If light hits the object and reflects off it, this isn't really the same as being emitted by the object, is it? It's more like an elastic collision.

Maybe elastic collisions would be the best way to think about this. If we had a train of equally-spaced rubber balls aimed at a large moving wall, and each ball collides elastically with the wall, instantaneously coming back in the opposite direction at the same speed (which we can assume is c since the balls represent photons), will the relativistic Doppler shift formula give the correct answer to the change in spacing between the outgoing train and the ingoing train? I don't think so--for example, if the ingoing train of rubber balls were moving in the +x direction at speed c with a spacing of 10 light-seconds between each successive member of the train (representing the wavelength of a light wave), and the wall is moving in the -x direction at 0.6c, then the time between successive balls hitting the wall will be 6.25 seconds. So if ball #1 hits the wall at t=0 s and position x=10 l.s., with ball #2 at position x=0 l.s. at this moment, then ball #2 will hit the wall at t=6.25 s and position x=6.25 l.s., at which moment ball #1 (moving at c in the -x direction ever since hitting the wall) will be at postion x = 10 - 6.25 = 3.75 l.s. So, the distance between outgoing balls will be 6.25 - 3.75 = 2.5 l.s., or 1/4 the distance between ingoing balls.

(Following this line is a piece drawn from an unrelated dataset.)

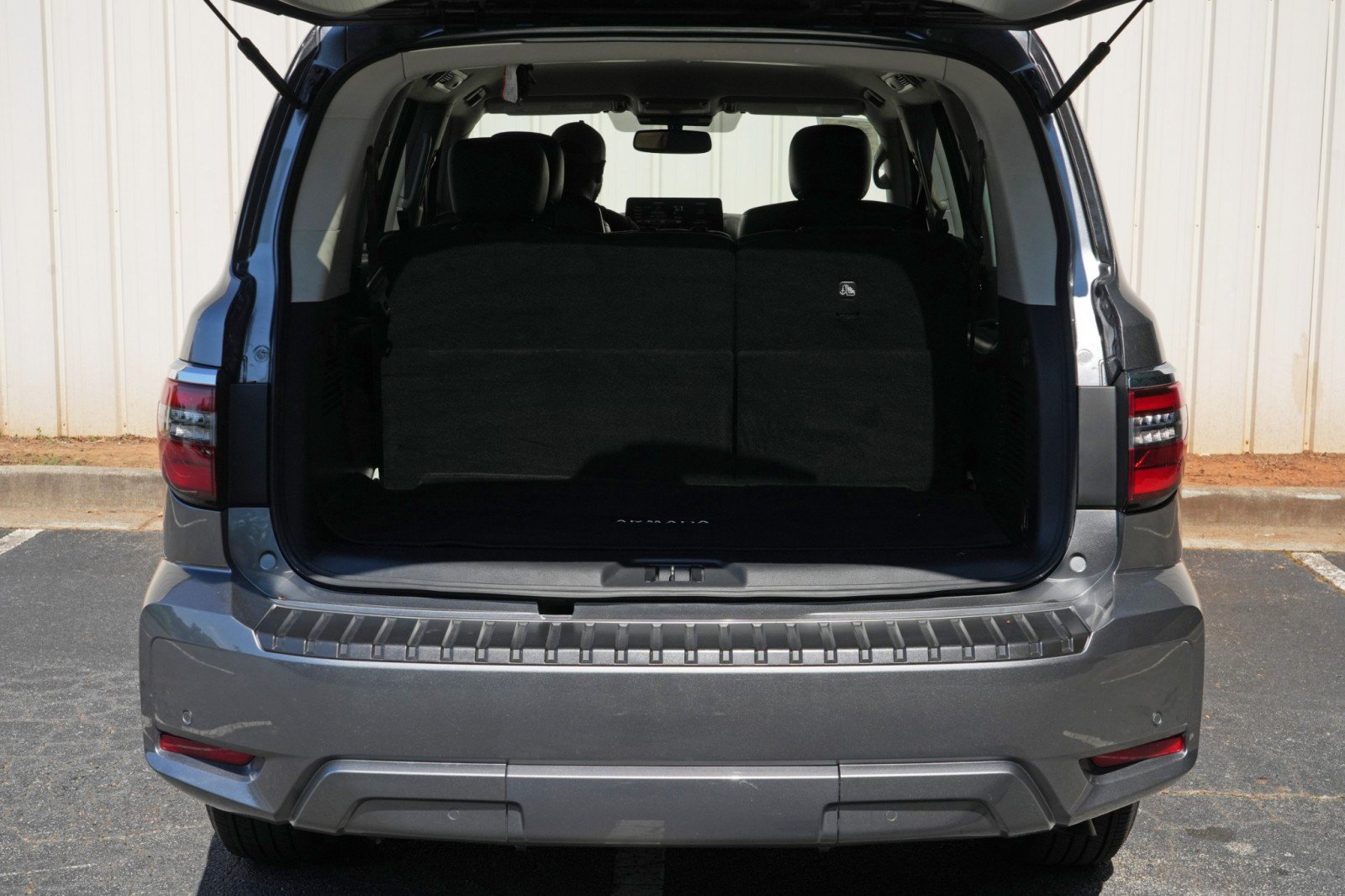 Used 2023 Nissan Armada SV w/ Cargo Package RWD image 8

In contrast, the relativistic Doppler equation would predict that the wavelength of waves from a source approaching at 0.6c would shrink by a factor of 1/2 relative to the wavelength in the source's frame. Note that in the above I wasn't even considering how things looked in the wall's frame, I was just comparing the wavelength of the ingoing train in my frame to the wavelength of the outgoing train in my frame...because of time dilation, if we see 6.25 s between successive balls hitting the wall, in the wall's frame this is only 0.8*6.25 = 5 seconds between successive hits, so if the wall also sees them moving at c then it must see the wavelength as 5 l.s., which means the wavelength of the reflected train in our frame (2.5 l.s.) is indeed 1/2 of the wavelength of the reflected train in the wall's frame as predicted by the Doppler formula. The point is that although the Doppler formula is still correct for reflection, it isn't telling us what we're interested in here, which is the difference between the wavelength of incoming waves in our frame and the wavelength of the reflected waves in our frame.

However, now that I think of it, in the limit as the wall's frame approaches c, the wavelength of the reflected light does approach zero, i.e. infinite blueshift. If we imagine the same situation as above except with the wall moving in the -x direction at 1c rather than 0.6c, then if ball#1 is hitting the wall at position x=10 l.s. at time t=0, and ball#2 is at position x=0 l.s. at that moment, then ball #2 will hit the wall at x=5 l.s. at time t=5 l.s., and ball #1 will be at exactly the same position at that time.

Still, if we applied the same analysis to a reflecting object neither moving straight towards us or straight away from us, I think the shift in wavelength between the ingoing light and the outgoing light could be by some finite factor, so that in this case we would be able to see the object all right even in the limit as its speed approached c in our frame.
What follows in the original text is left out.